● What this task involves: Pictures aside, the data must be reproduced exactly.

● Available data:

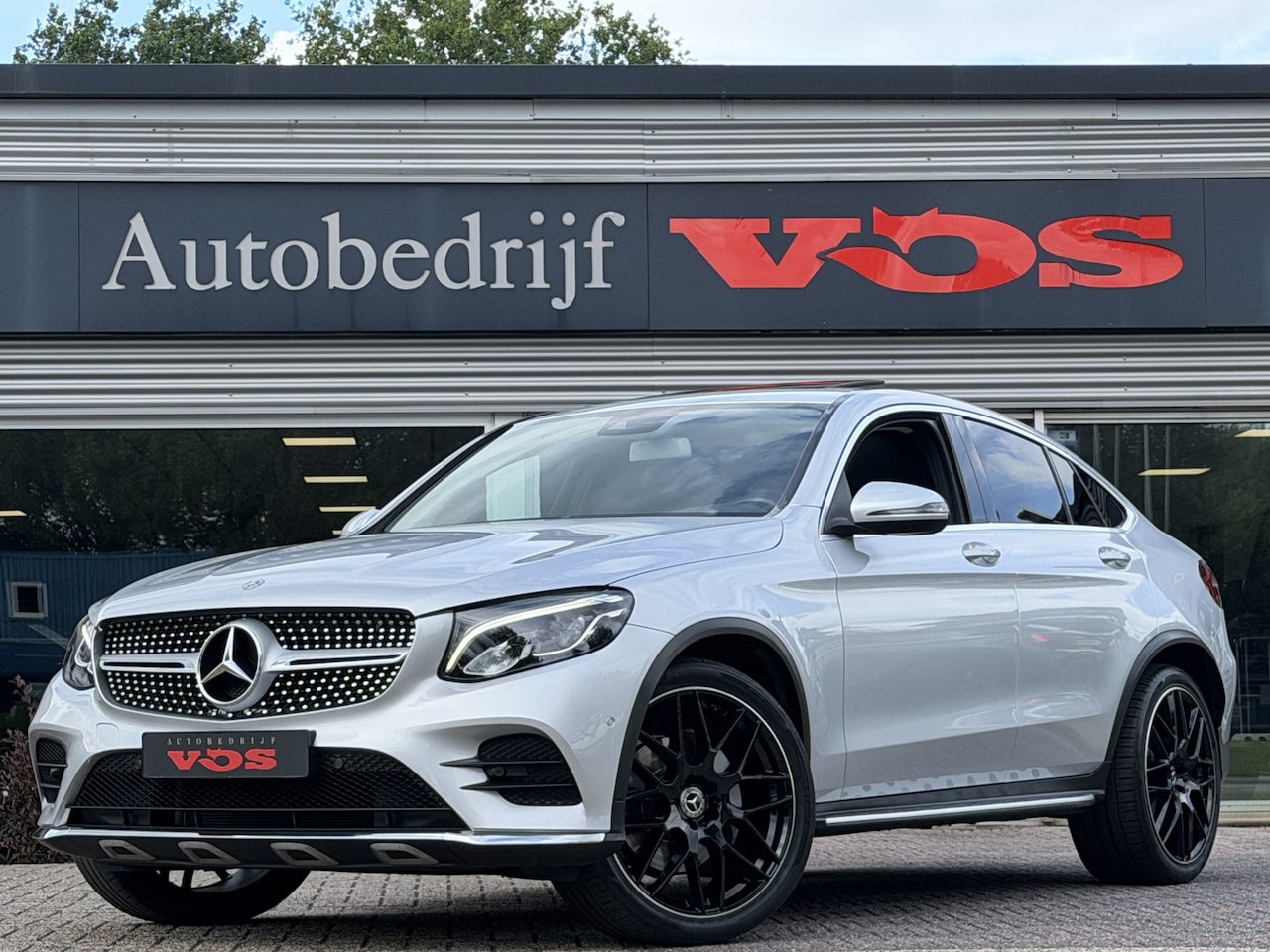 Mercedes-Benz GLC-klasse Coupé - 250 4MATIC AMG-Line | Glasdak | Standkachel | Trekhaak | 21 inch velgen - AutoWereld.nl
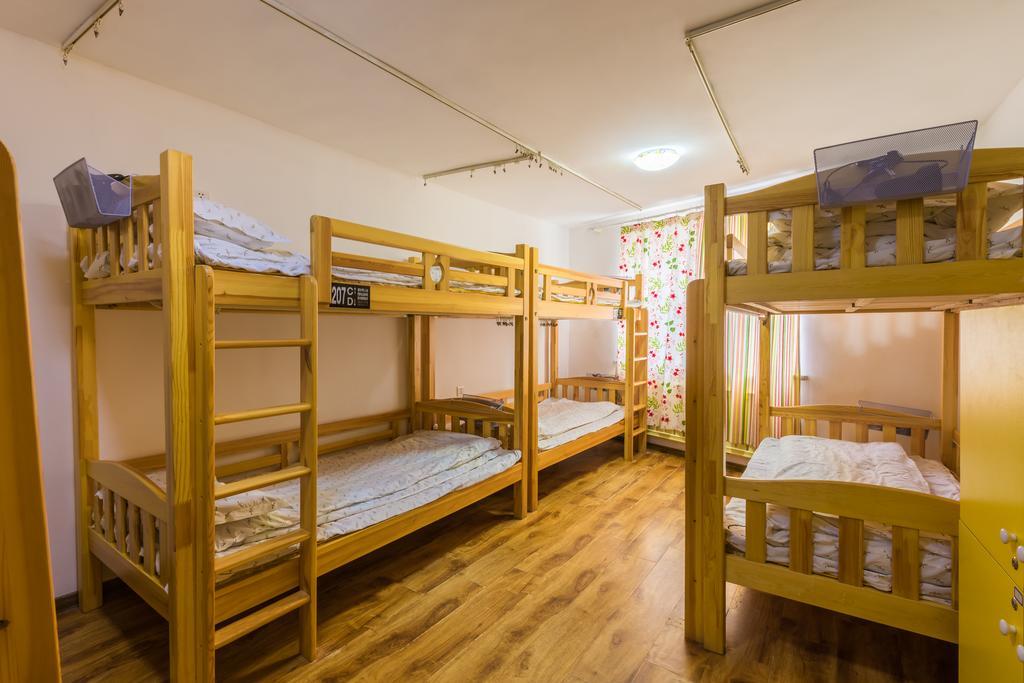 Dalian Buzz Light Year Youth Hostel Eksteriør billede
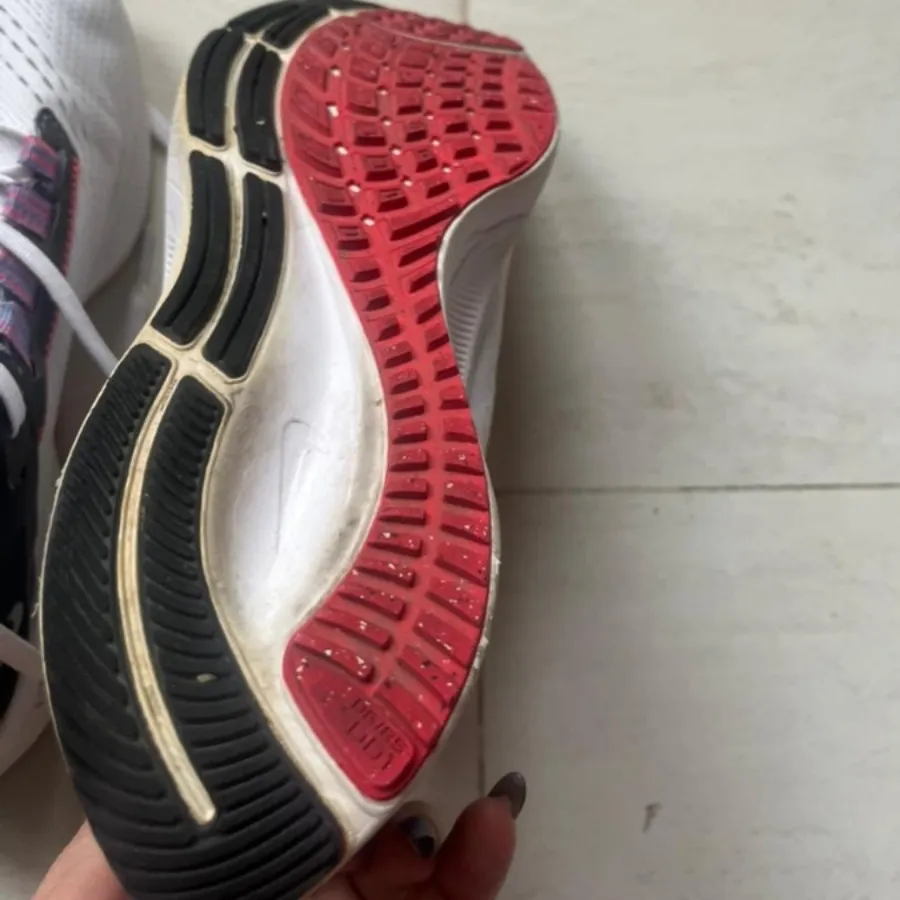 کفش سفید برند نایک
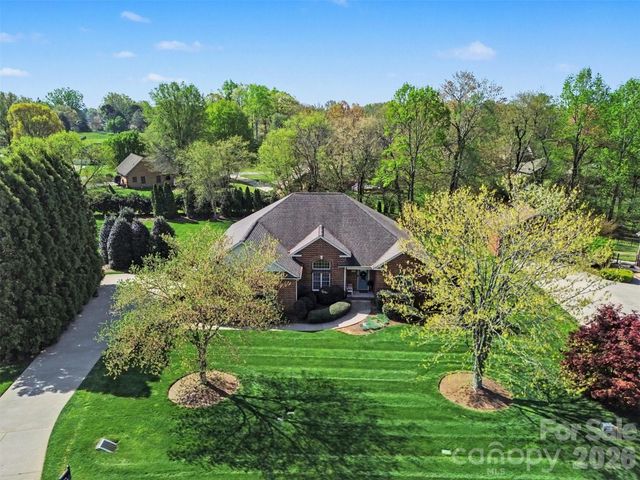 149 Howard Pond Loop, Statesville, NC 28625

● Answer for the task:
 Mercedes-Benz GLC-klasse Coupé - 250 4MATIC AMG-Line | Glasdak | Standkachel | Trekhaak | 21 inch velgen - AutoWereld.nl
 Dalian Buzz Light Year Youth Hostel Eksteriør billede
 کفش سفید برند نایک
 149 Howard Pond Loop, Statesville, NC 28625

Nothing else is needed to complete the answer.